千葉県君津市(市長:石井 宏子)と、セイノーホールディングス株式会社(本社:岐阜県大垣市、代表取締役社長:田口 義隆、以下 セイノーHD)、株式会社エアロネクスト(本社:東京都渋谷区、代表取締役 CEO:田路 圭輔、以下エアロネクスト)、株式会社 NEXT DELIVERY(本社:山梨県小菅村、代表取締役:田路 圭輔、以下 NEXT DELIVERY)、KDDI スマートドローン株式会社(本社:東京都港区、代表取締役社長: 博野 雅文、以下 KDDI スマートドローン)は、2024 年 1 月 14 日に、君津市の清和地区において次世代高度技術の活用により新しい物流サービスの構築を目指した「中山間地におけるドローン配送」の実証実験を実施し、報道関係者に公開しました。

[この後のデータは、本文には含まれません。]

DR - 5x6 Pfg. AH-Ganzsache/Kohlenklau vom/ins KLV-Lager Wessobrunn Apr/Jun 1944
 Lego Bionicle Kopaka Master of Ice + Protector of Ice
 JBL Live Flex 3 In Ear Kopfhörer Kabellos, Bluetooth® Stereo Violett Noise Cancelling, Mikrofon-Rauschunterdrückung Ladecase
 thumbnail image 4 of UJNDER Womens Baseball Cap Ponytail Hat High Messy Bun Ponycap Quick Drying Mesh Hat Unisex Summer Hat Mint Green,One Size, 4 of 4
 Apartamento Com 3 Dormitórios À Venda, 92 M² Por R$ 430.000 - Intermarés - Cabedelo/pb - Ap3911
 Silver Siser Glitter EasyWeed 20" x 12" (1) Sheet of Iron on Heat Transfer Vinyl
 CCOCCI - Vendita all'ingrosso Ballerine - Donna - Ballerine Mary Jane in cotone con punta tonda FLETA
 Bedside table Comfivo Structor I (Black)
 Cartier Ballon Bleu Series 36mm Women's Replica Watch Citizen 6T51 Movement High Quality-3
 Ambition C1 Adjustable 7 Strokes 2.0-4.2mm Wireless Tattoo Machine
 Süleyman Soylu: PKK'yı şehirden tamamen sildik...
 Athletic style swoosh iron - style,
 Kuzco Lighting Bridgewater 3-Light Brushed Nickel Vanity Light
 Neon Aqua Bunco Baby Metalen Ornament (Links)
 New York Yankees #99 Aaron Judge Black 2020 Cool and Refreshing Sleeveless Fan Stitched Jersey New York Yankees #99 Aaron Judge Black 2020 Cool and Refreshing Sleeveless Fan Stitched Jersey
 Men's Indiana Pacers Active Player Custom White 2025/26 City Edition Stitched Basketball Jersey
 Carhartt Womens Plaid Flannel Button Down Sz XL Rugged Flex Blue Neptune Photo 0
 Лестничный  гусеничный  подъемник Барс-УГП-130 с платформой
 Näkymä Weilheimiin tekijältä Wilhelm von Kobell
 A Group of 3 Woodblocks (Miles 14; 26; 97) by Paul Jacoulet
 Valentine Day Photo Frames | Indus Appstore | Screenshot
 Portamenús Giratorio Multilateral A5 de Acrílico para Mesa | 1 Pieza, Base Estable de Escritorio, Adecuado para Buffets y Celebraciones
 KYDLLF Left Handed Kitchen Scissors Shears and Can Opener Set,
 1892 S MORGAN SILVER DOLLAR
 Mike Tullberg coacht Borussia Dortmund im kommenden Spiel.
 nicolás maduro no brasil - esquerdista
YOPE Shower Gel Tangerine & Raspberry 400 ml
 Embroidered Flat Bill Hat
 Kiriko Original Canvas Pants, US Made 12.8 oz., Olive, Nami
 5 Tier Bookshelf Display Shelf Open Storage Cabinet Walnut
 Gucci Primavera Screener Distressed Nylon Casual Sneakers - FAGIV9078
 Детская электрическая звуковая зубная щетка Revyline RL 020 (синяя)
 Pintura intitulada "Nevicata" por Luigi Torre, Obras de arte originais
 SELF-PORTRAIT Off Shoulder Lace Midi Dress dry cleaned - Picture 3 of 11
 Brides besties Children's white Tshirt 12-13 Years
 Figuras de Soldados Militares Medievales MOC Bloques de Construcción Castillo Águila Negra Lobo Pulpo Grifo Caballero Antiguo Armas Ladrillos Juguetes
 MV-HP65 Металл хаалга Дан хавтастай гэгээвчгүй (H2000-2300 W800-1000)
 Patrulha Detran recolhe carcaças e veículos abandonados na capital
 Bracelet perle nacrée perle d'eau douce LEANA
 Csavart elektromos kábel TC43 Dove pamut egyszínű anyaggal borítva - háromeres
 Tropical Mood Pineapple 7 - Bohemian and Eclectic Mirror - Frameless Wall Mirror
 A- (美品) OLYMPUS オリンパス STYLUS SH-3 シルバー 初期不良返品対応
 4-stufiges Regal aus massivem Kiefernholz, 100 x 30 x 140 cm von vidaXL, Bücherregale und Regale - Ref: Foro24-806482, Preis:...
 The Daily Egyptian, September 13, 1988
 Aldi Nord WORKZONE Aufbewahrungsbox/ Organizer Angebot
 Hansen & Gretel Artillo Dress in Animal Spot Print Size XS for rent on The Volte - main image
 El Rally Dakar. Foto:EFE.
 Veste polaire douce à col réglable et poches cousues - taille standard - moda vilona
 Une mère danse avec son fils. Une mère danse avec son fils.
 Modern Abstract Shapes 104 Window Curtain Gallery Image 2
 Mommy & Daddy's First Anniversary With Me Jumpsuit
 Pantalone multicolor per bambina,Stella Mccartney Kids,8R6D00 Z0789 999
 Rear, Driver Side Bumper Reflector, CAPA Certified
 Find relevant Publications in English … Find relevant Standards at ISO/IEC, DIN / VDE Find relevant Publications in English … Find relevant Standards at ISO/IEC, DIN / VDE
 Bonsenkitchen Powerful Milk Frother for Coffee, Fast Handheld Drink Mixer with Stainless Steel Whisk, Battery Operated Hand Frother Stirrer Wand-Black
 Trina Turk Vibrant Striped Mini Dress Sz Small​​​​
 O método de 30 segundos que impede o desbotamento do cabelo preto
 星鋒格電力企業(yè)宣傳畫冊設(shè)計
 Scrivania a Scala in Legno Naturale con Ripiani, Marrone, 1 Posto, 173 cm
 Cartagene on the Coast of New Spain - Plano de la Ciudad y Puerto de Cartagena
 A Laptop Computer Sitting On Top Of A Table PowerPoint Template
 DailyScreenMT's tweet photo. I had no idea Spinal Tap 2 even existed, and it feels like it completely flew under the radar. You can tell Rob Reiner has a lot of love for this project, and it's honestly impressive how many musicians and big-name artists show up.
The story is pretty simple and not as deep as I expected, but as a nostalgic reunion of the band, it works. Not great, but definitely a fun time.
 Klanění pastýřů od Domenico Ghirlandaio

昨年 11 月には君津市、セイノーHD、NEXT DELIVERY の親会社である次世代ドローンの研究開発スタートアップ、株式会社エアロネクスト(東京都渋谷区、代表取締役CEO田路 圭輔、以下エアロネクスト)、株式会社テラならびに KDDI スマートドローンの 5 者は、ドローンを含む次世代高度技術の活用による地域共創に向けた連携協定を締結しており、新たな物流のビジネスモデルの構築をめざし、連携して活動しています。
今回の実証実験は、NEXT DELIVERY と KDDI スマートドローンが連携して、セイノーHD とエアロネクストが開発推進するドローン配送と陸上輸送を融合した新スマート物流*1”SkyHub®“
*2 の社会実装
の検討に向けて行われたもので、清和地域拠点複合施設に仮設のドローンデポを設置し、ドローンを活用し日用品のドローン配送サービスを実施しました。
1.背景と目的
君津市は、都心に隣接した立地でありながら、人口は平成7年の 93,216 人をピークに令和2年には82,206 人に減少しています。また、市の老年人口(65 歳以上)の割合は令和2年には 32.1%となっていますが、中山間地域の清和地区や上総地区では 50%を超え、今後もさらに上昇することが見込まれおり高齢者の買物支援が地域課題として挙げられています。さらに、物流の 2024 年問題の影響により、中山間地域における輸配送の質の維持が困難となり、地域住民の利便性の低下が危惧されています。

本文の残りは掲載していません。